TASK REQUIREMENTS: Every line below is to be given again precisely; images are to be left out.

(Short text fragments from websites)
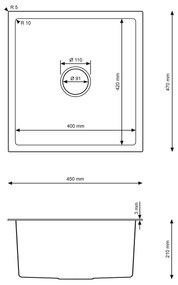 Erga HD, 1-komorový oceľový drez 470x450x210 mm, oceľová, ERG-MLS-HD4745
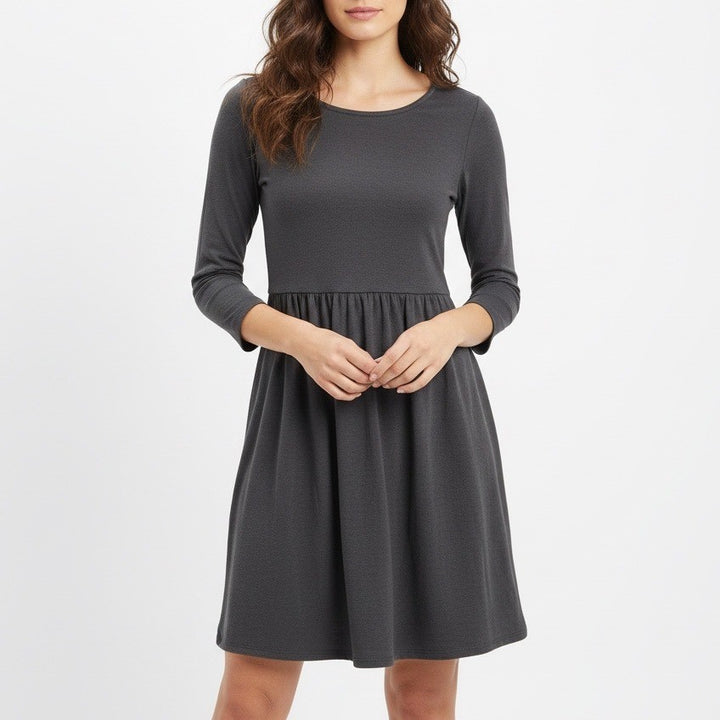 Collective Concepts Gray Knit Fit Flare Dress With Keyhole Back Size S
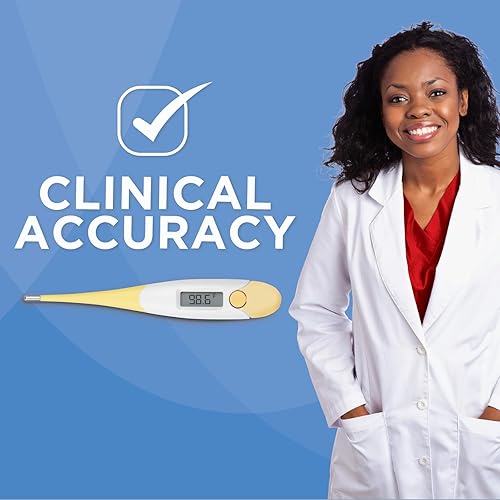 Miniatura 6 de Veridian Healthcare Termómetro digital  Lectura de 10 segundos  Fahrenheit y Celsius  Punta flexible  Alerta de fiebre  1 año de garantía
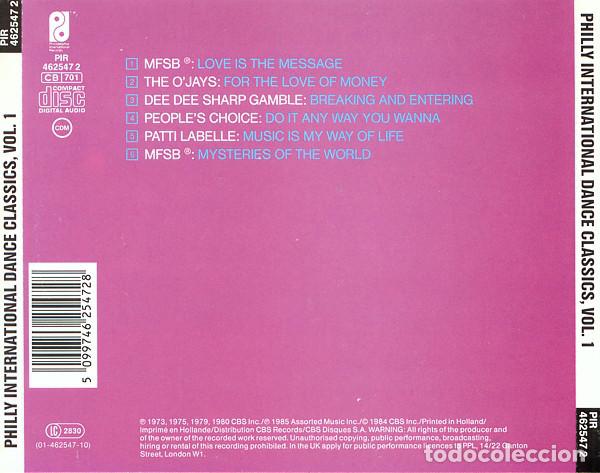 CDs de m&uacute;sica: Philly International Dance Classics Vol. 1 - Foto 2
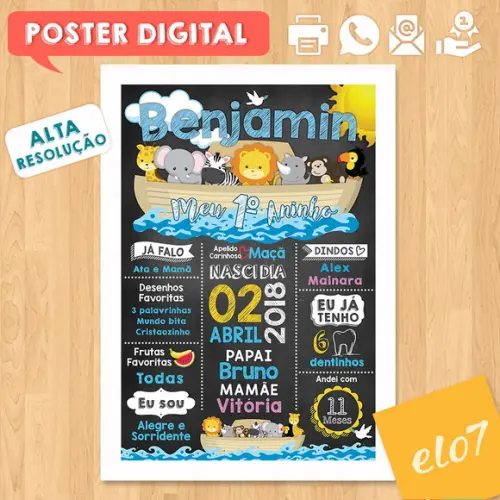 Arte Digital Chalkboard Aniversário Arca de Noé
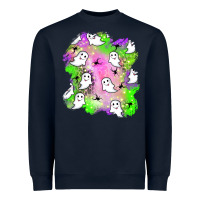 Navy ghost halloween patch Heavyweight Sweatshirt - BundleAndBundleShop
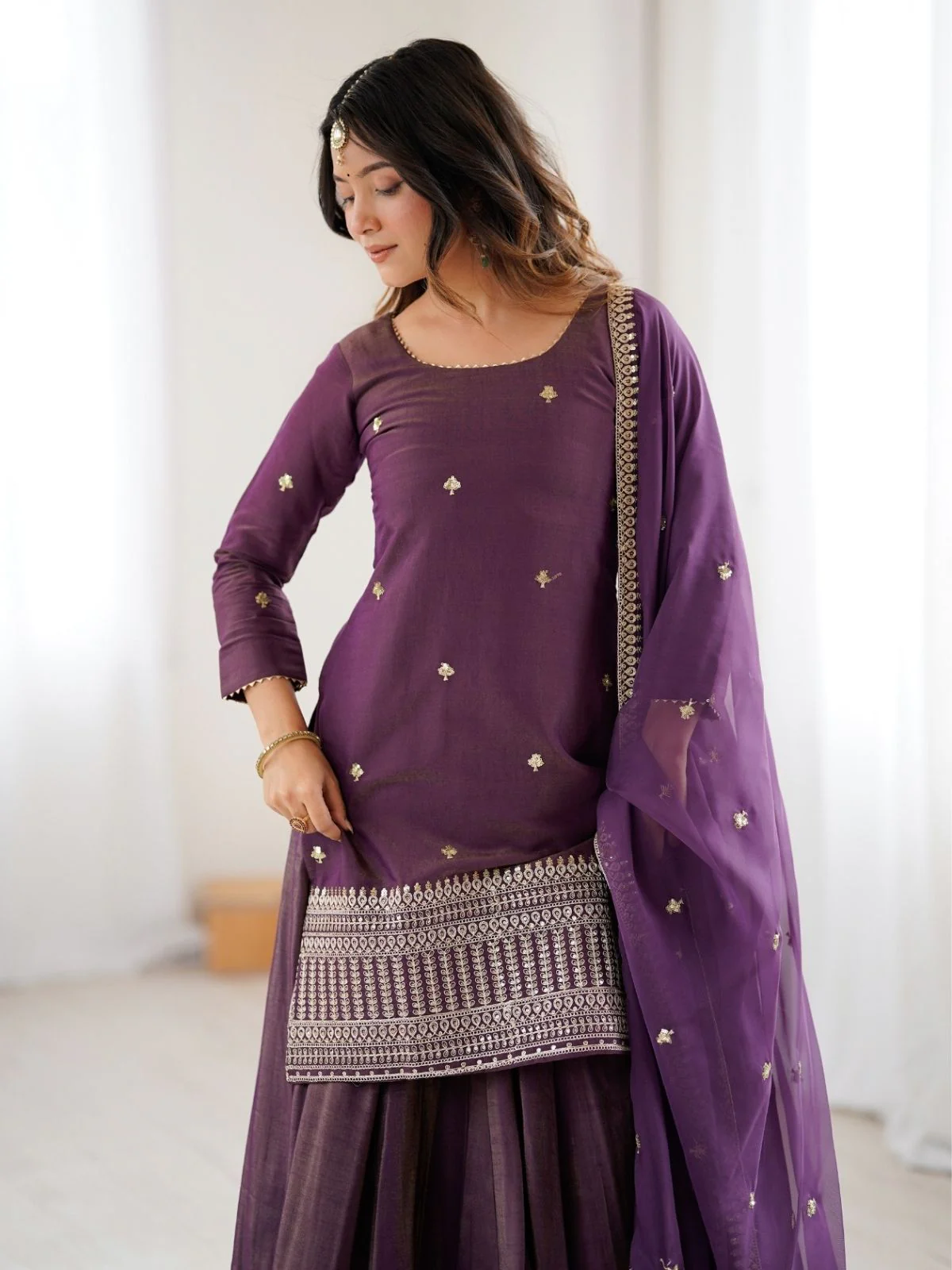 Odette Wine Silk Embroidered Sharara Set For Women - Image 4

RESPONSE FOR THIS EXERCISE:
 Erga HD, 1-komorový oceľový drez 470x450x210 mm, oceľová, ERG-MLS-HD4745
 Collective Concepts Gray Knit Fit Flare Dress With Keyhole Back Size S
 Miniatura 6 de Veridian Healthcare Termómetro digital  Lectura de 10 segundos  Fahrenheit y Celsius  Punta flexible  Alerta de fiebre  1 año de garantía
 CDs de m&uacute;sica: Philly International Dance Classics Vol. 1 - Foto 2
 Arte Digital Chalkboard Aniversário Arca de Noé
 Navy ghost halloween patch Heavyweight Sweatshirt - BundleAndBundleShop
 Odette Wine Silk Embroidered Sharara Set For Women - Image 4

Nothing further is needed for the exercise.